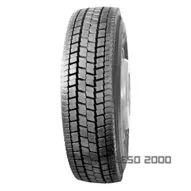TQ628 (ведущая)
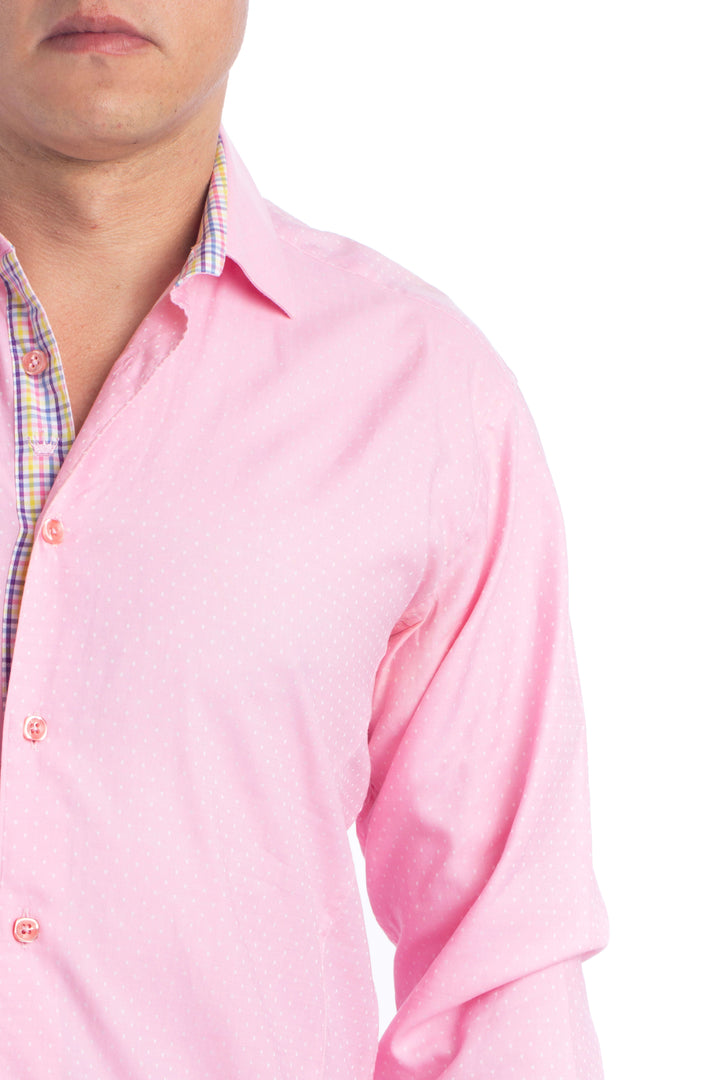 Camisa Bertigo, detalle – ClosetRehab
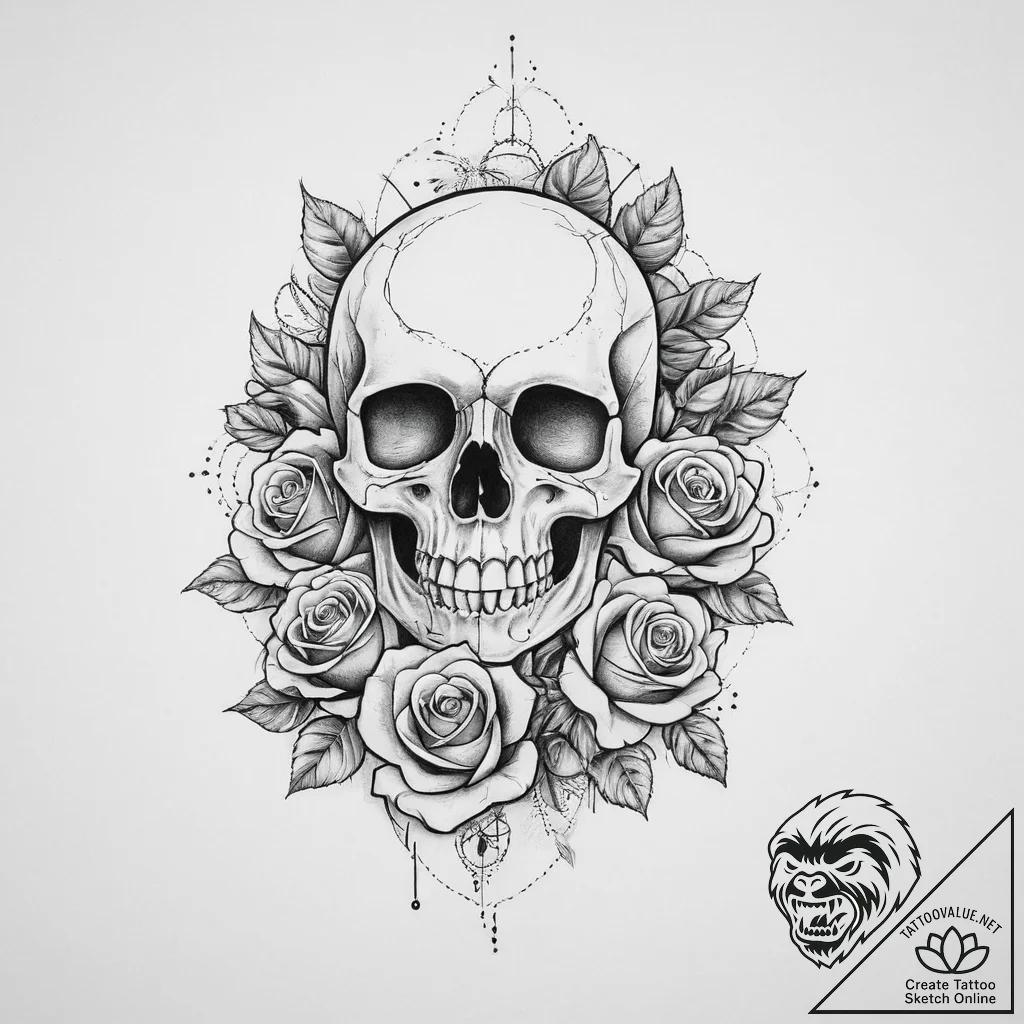 Tattoo sketch earth, artistic tattoo sketch,... - tattoo sketch (№1756355127_0, 28.08.2025 04:25) — tattoovalue.net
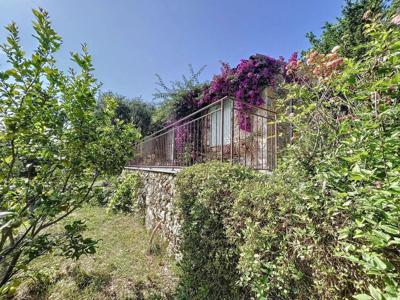Villa de luxe de 3 pièces en vente Tourrettes-sur-Loup, Provence-Alpes-Côte d'Azur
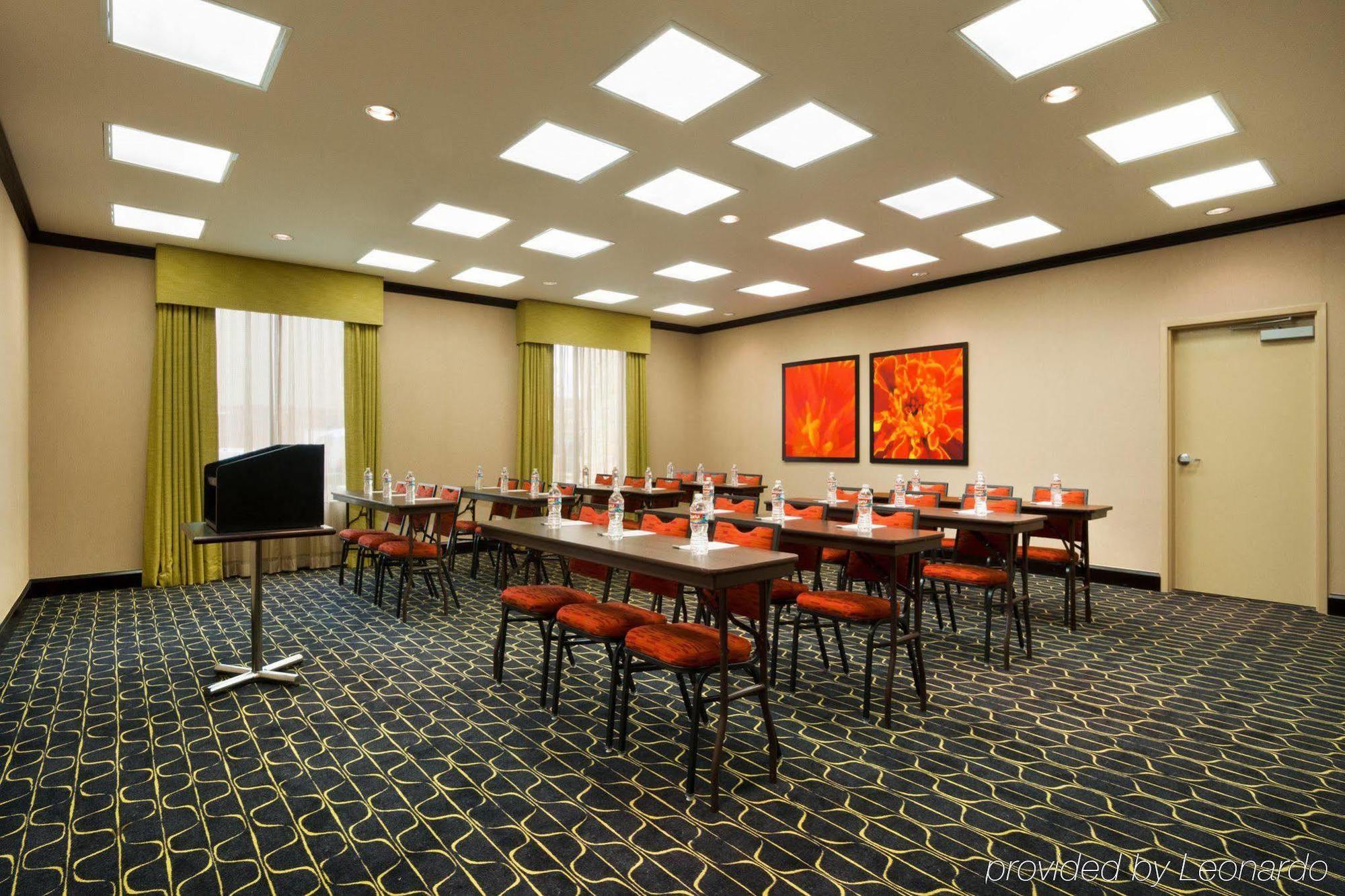 Hampton Inn & Suites Houston/League City Exterior photo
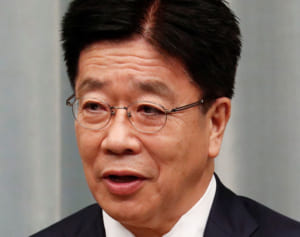 国民に「自殺のない社会」を…加藤官房長官の発言に批判の声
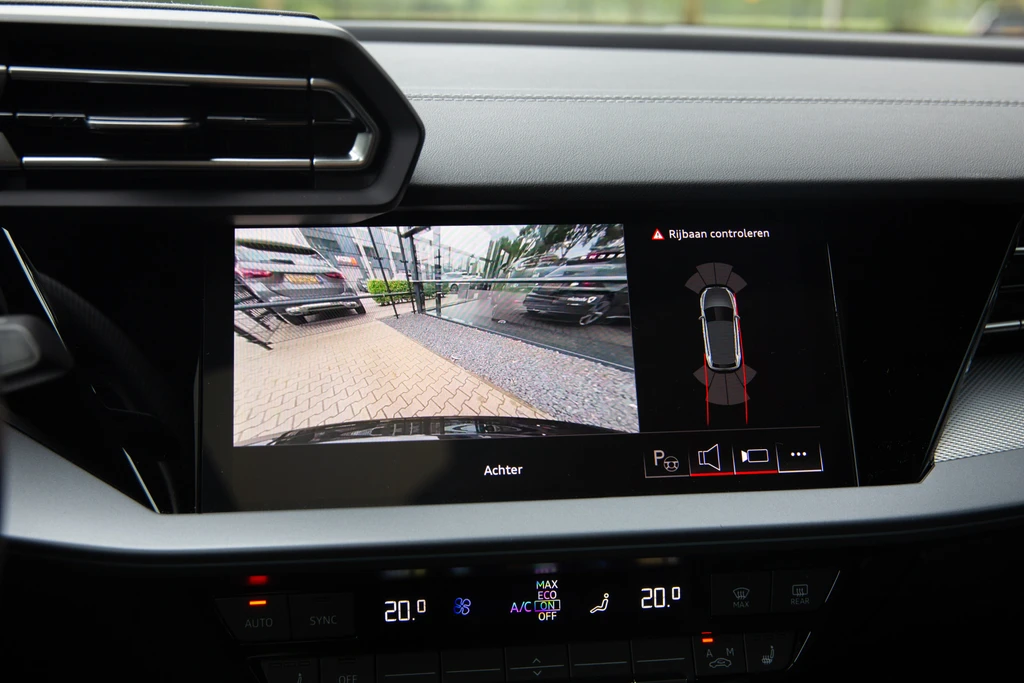 Audi A3 – foto 22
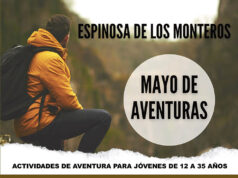 Espinosa de los Monteros lanza nuevas actividades de aventura para jóvenes
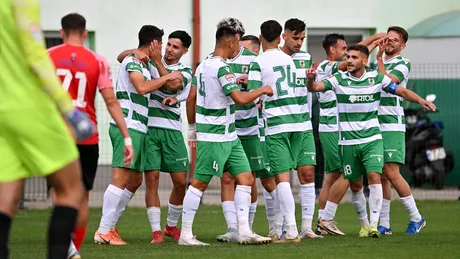 CSC Dumbrăvița speră să valorifice la maximum deplasarea la FC Bacău. Florin Fabian: ”Vreau să cred că arătăm din ce în ce mai bine”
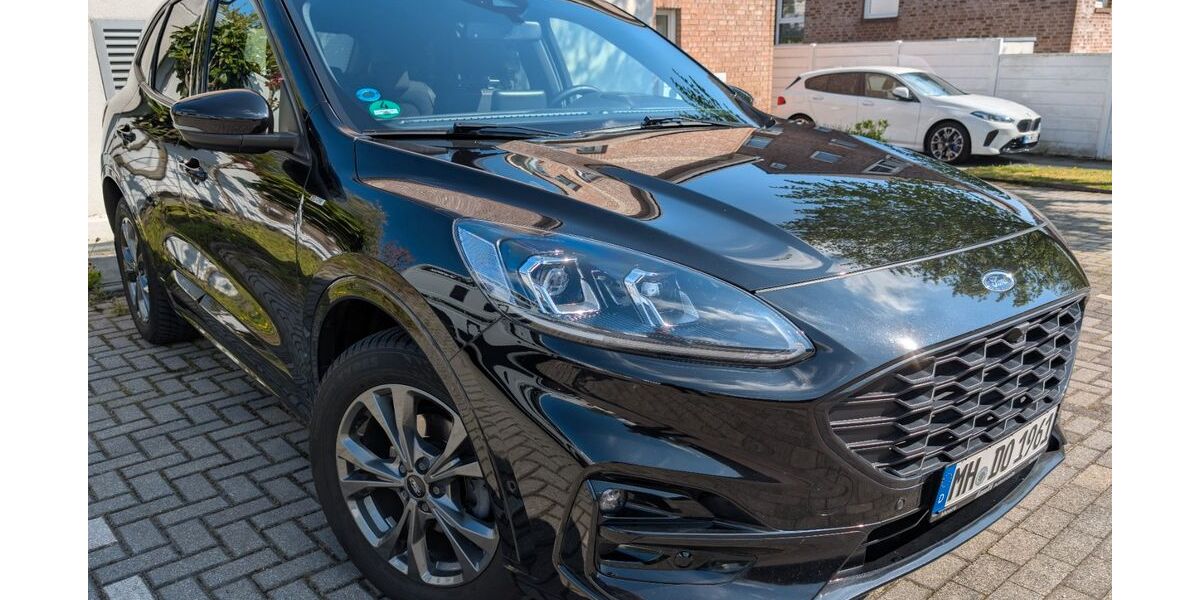 Ford Kuga 115.000 km 18.400 &euro; Mülheim an der Ruhr 45481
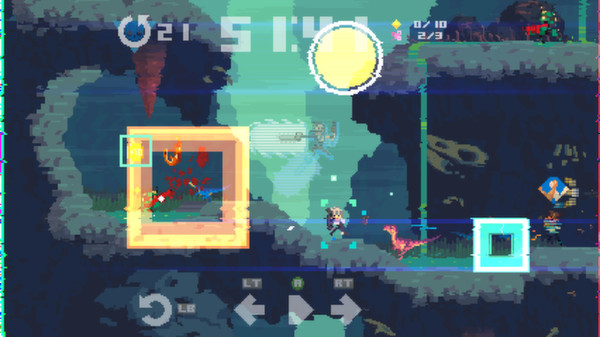 Super Time Force Ultra screenshot 4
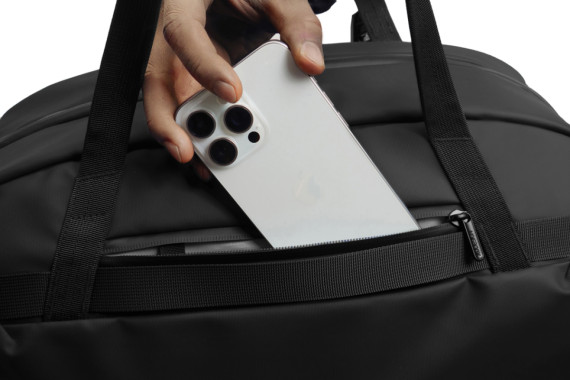 Voděodolná víkendová taška Urban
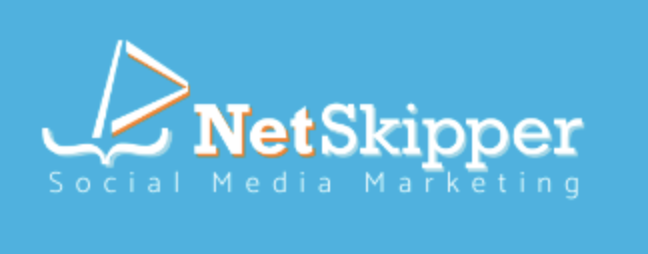 NetSkipper - Social Media Marketing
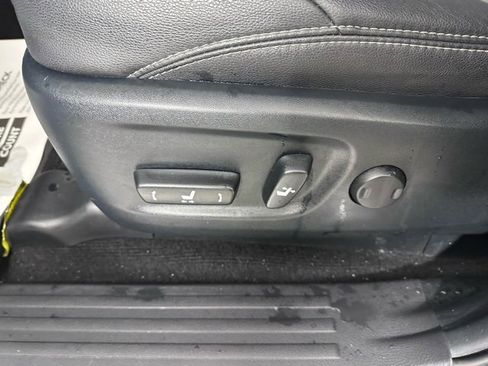 Used 2023 Toyota 4Runner SR5 Premium w/ Moonroof Package image 23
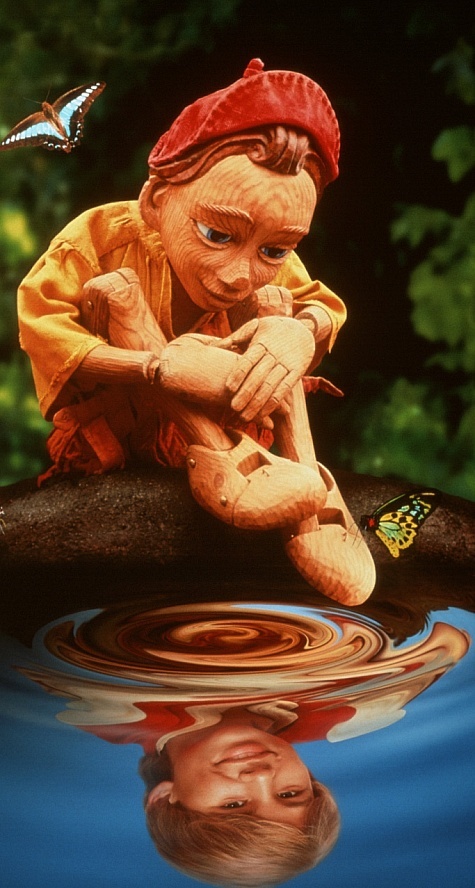 The Adventures of Pinocchio 28501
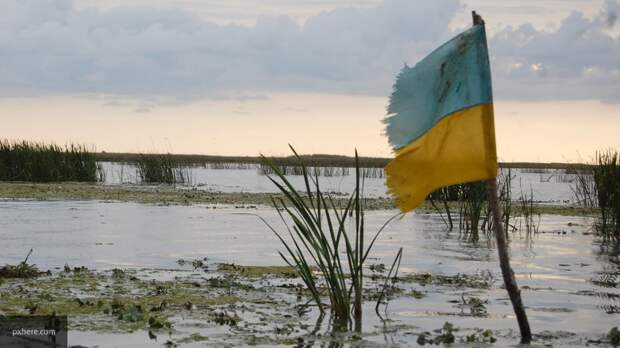 Украина из-за инцидента в Керченском проливе подала жалобу в ЕСПЧ 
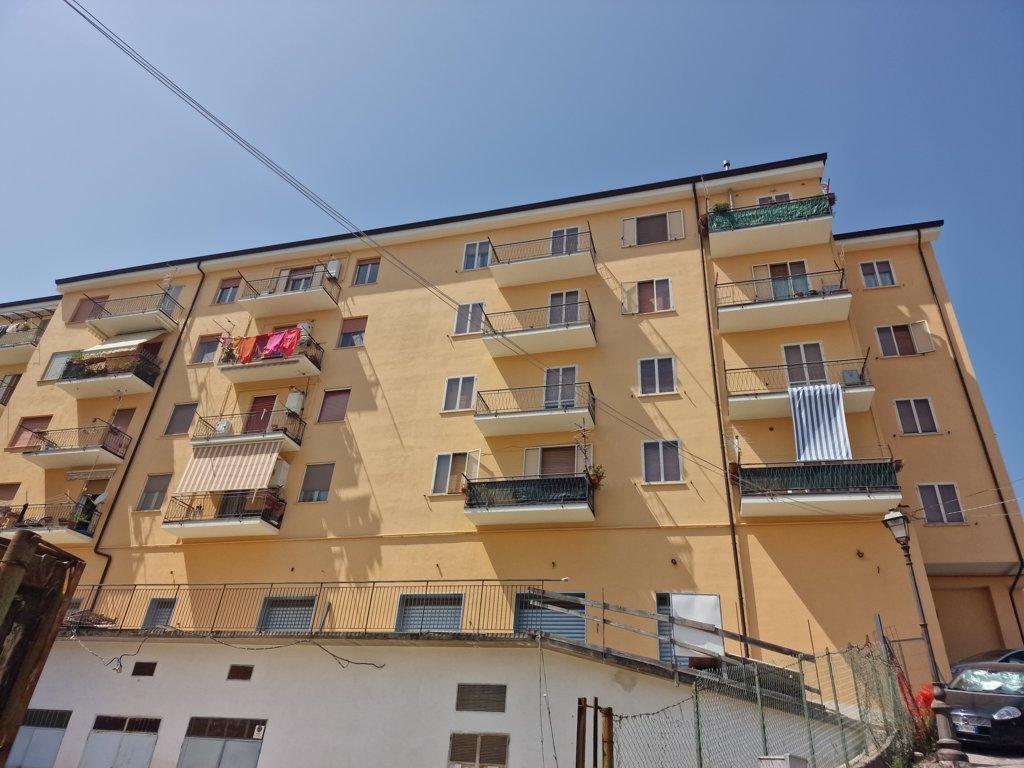immobile appartamento all'asta in Via Circumvallazione, 12, 84024 Contursi Terme SA, Italia Contursi Terme, Salerno - 5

○ ○ ○ ○

— TASK OBJECTIVE —
All lines between the one that contains "Voděodolná víkendová taška Urban" and the end of the records above, both included, are to be returned exactly as they stand, except for pictures, which are omitted.

— SOLUTION —
 Voděodolná víkendová taška Urban
 NetSkipper - Social Media Marketing
 Used 2023 Toyota 4Runner SR5 Premium w/ Moonroof Package image 23
 The Adventures of Pinocchio 28501
 Украина из-за инцидента в Керченском проливе подала жалобу в ЕСПЧ 
immobile appartamento all'asta in Via Circumvallazione, 12, 84024 Contursi Terme SA, Italia Contursi Terme, Salerno - 5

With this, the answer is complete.